初閣議を終え、記念写真に納まる菅首相(前列中央)と閣僚
初閣議を終え、記念写真に納まる菅首相(前列中央)と閣僚
Photo By 共同

 菅改造内閣が17日、発足した。菅直人首相は代表選後は「ノーサイド」と表明し挙党一致を強調していたが、主要閣僚には自身を支持した議員を登用。代表の座を争った小沢一郎元幹事長グループからの入閣はゼロで、党役員人事と併せて「脱小沢」色をあらためて鮮明にした。小沢氏は同日午前に行われた党の両院議員総会を欠席。小沢氏周辺では不満がくすぶっており、新体制は波乱含みの船出となった。

 菅首相は改造内閣の顔ぶれを正式に決め、仙谷由人官房長官が午後1時15分すぎ、官邸で閣僚名簿を発表した。外相に前原誠司国土交通相を起用し、蓮舫行政刷新担当相は留任して公務員制度改革担当相を兼務。国家戦略担当相は玄葉光一郎政調会長、仙谷氏のほか野田佳彦財務相らを留任させるなどした。17閣僚のうち、民主党代表選で党を二分し激しく戦った小沢グループからの起用はなかった。

 代表選で小沢氏を支持した議員の入閣も、鳩山由紀夫前首相グループから経済財政担当相の海江田万里、経済産業相の大畠章宏、旧民社党グループから文部科学相の高木義明の各衆院議員を起用するにとどまり、原口一博総務相、山田正彦農水相は閣外に去った。代表選中、首相は「代表選が終わればノーサイド」と繰り返していたが、早くも前言を翻した形で、小沢氏と距離を置く岡田克也外相が幹事長、枝野幸男幹事長が幹事長代理に回った党執行部人事と合わせ、“脱小沢”色を鮮明に打ち出した。

 党両院議員総会で首相は「民主党政権の(所属議員)412人の力を合わせて、日本の20年に及ぶ閉塞(へいそく)状況を打ち破っていく、改めてのスタートとしたい」と“412人内閣”を強調した。しかし、新体制発足にもかかわらず90人が欠席。代表選で小沢氏を支持した議員は200人おり、現実は“200人内閣”。岡田氏は、新内閣の顔ぶれについて「現時点で考えられるベストなメンバー」とし、小沢氏に近い議員の入閣が見送られたことについては「意図的に排除したわけではない。国会議員としてのキャリアの長さを考えると批判は当たらない」と反論。首相は「適材適所の挙党態勢だ」と強調した上で「有言実行内閣」と名付けたが、小沢グループの反発は必至。党内対立は修復どころか、さらに深刻化することが必至とみられる。
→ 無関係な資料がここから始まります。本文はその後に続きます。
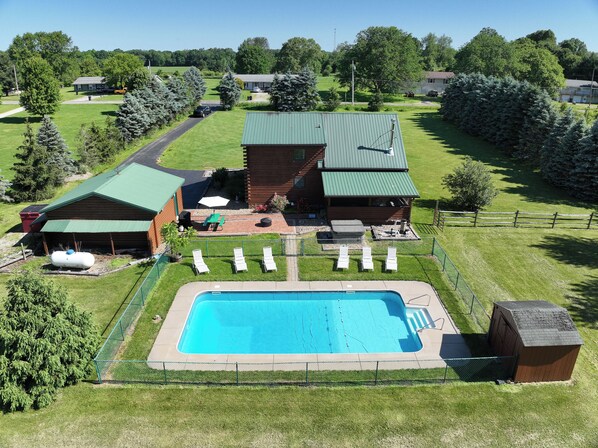  2 acres with large inground pool and hot tub; covered and screened back porch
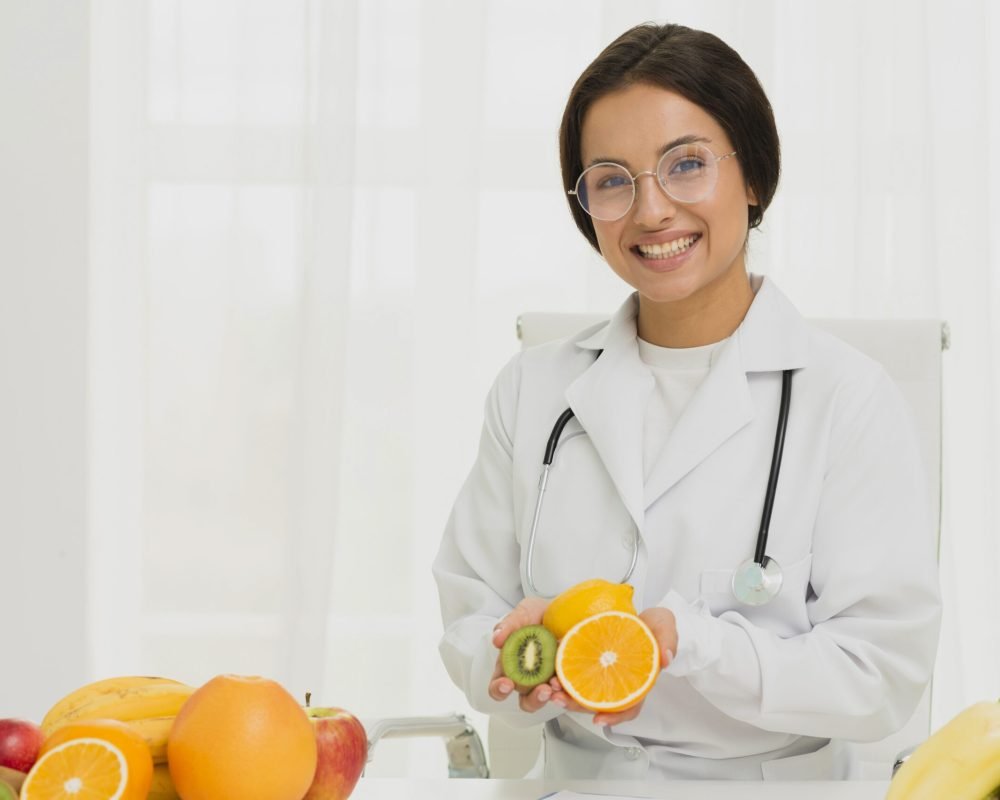 medium-shot-happy-doctor-with-orange-kiwi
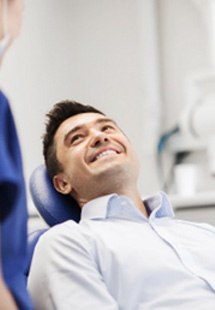 Man smiling at dental assistant while sitting in treatment chair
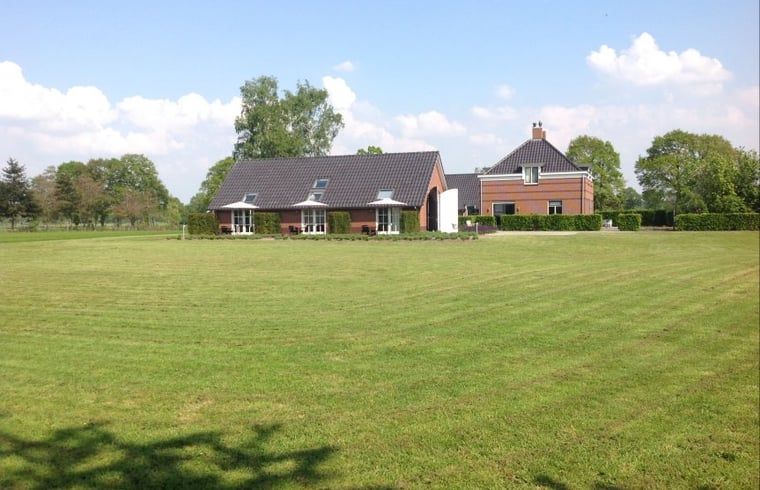 Vakantiehuisje in Eerbeek op de Veluwe, Gelderland, omgeven door een uitgestrekt groen veld en rustieke charme.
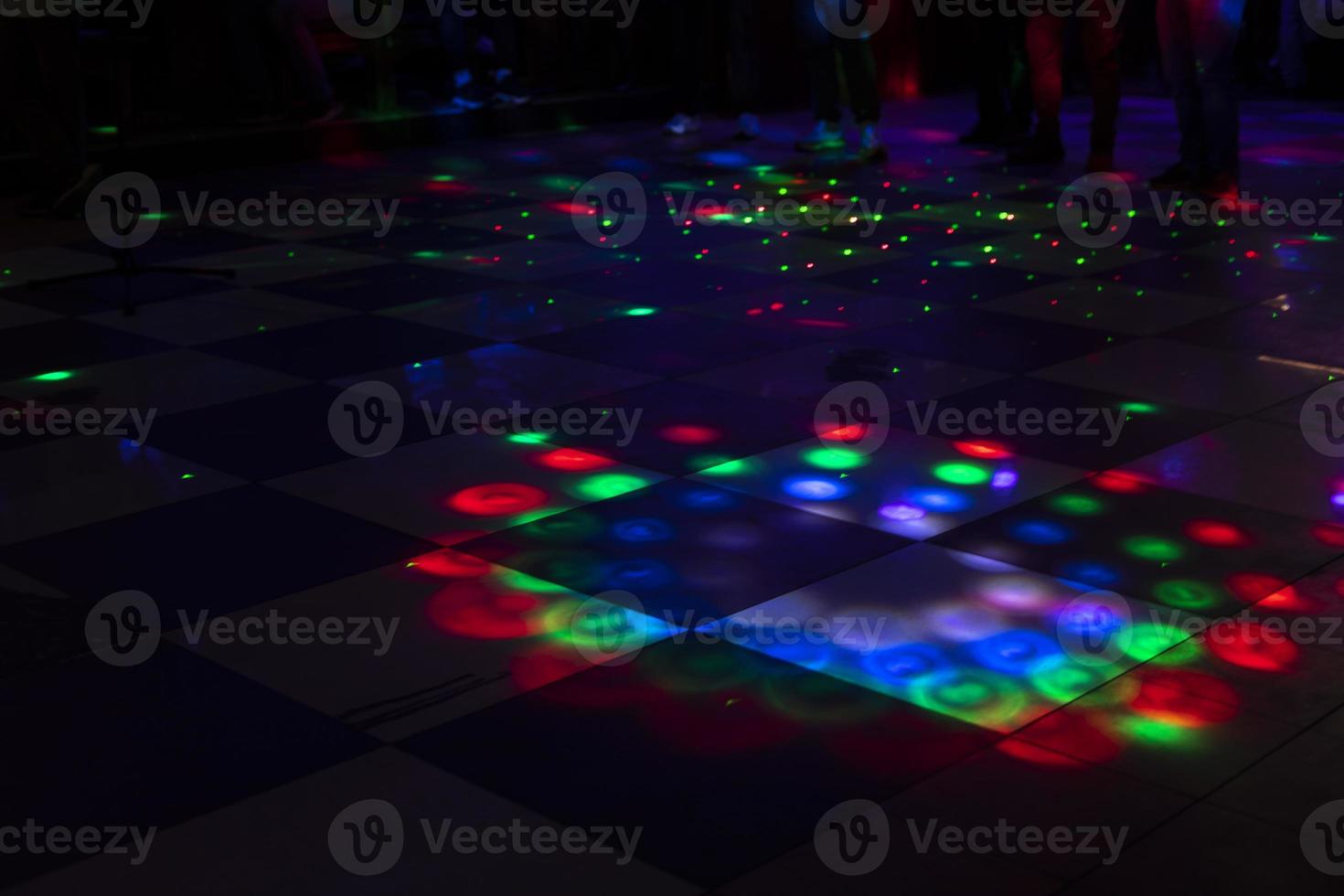 Disco on dance floor. Flower spots on floor. Color music indoors. photo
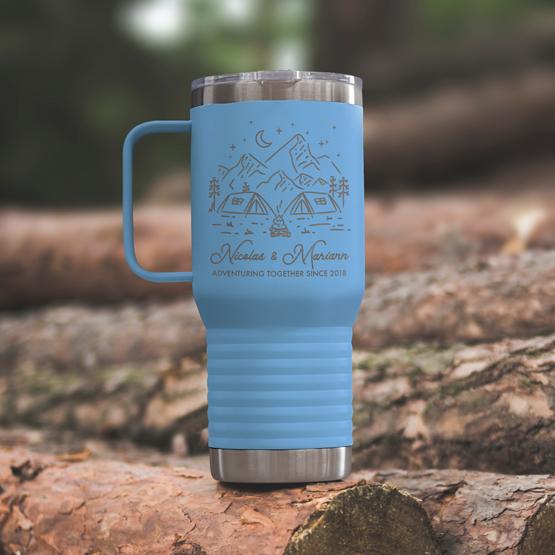 Custom Engraved 20 oz Light Blue Tumbler on a wooden log with a sample engraving for Nicolas & Mariann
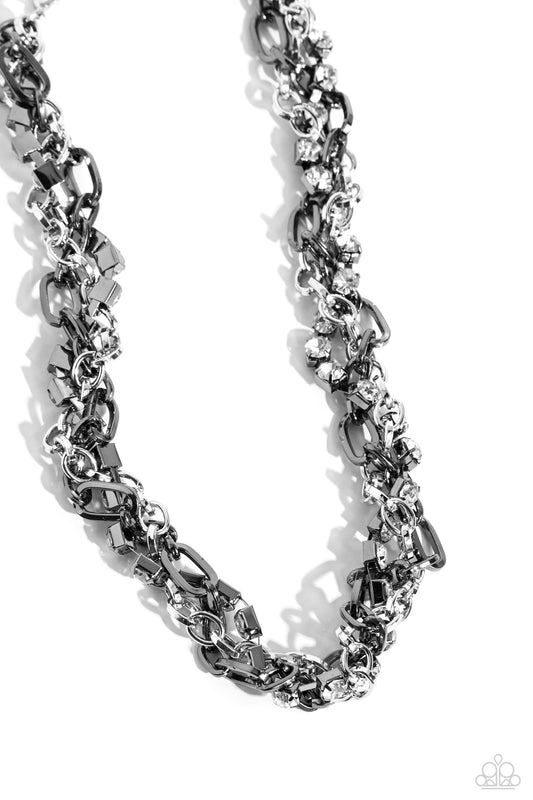 Paparazzi Accessories Totally Two-Toned - Silver Mismatched strands of glistening shiny gunmetal and silver oval links are intertwined with a row of sparkling, square-cut, white rhinestones encased in sleek shiny silver fittings, resulting in a twisted co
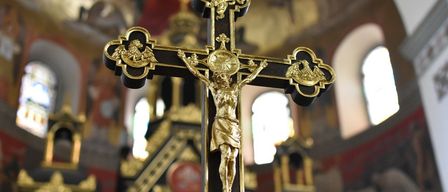 Ein goldenes Kruzifix mit Jesus am Kreuz steht in einer Kirche, mit kunstvollen Verzierungen am Kreuz und goldenen Akzenten. Dahinter zeigt der Kircheninnenraum gewölbte Fenster und kunstvolle Dekorationen.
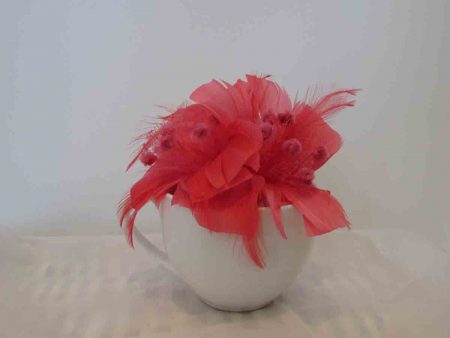Feathered fascinator in flamingo pink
 “脱小沢”色をあらためて示した首相は、衆参で多数派が異なる「ねじれ国会」をどう乗り切るかとともに、党内融和をどう図っているかが大きな課題となりそうだ。

 ◆内閣改造 人事刷新などを図るため、首相が憲法68条(閣僚任免権)に基づいて閣僚の全部または一部を入れ替えること。衆院選や内閣総辞職後に国会で指名された新首相が内閣を組織する「組閣」とは区別される。閣議で全閣僚の辞表を取りまとめた後、首相官邸に新閣僚を呼び込み、官房長官が閣僚名簿を発表。新閣僚は皇居での認証式で国務大臣任命の辞令書を受け取った後、官邸で首相から各閣僚に担当の役職名を記した補職辞令を交付され、初閣議に臨む。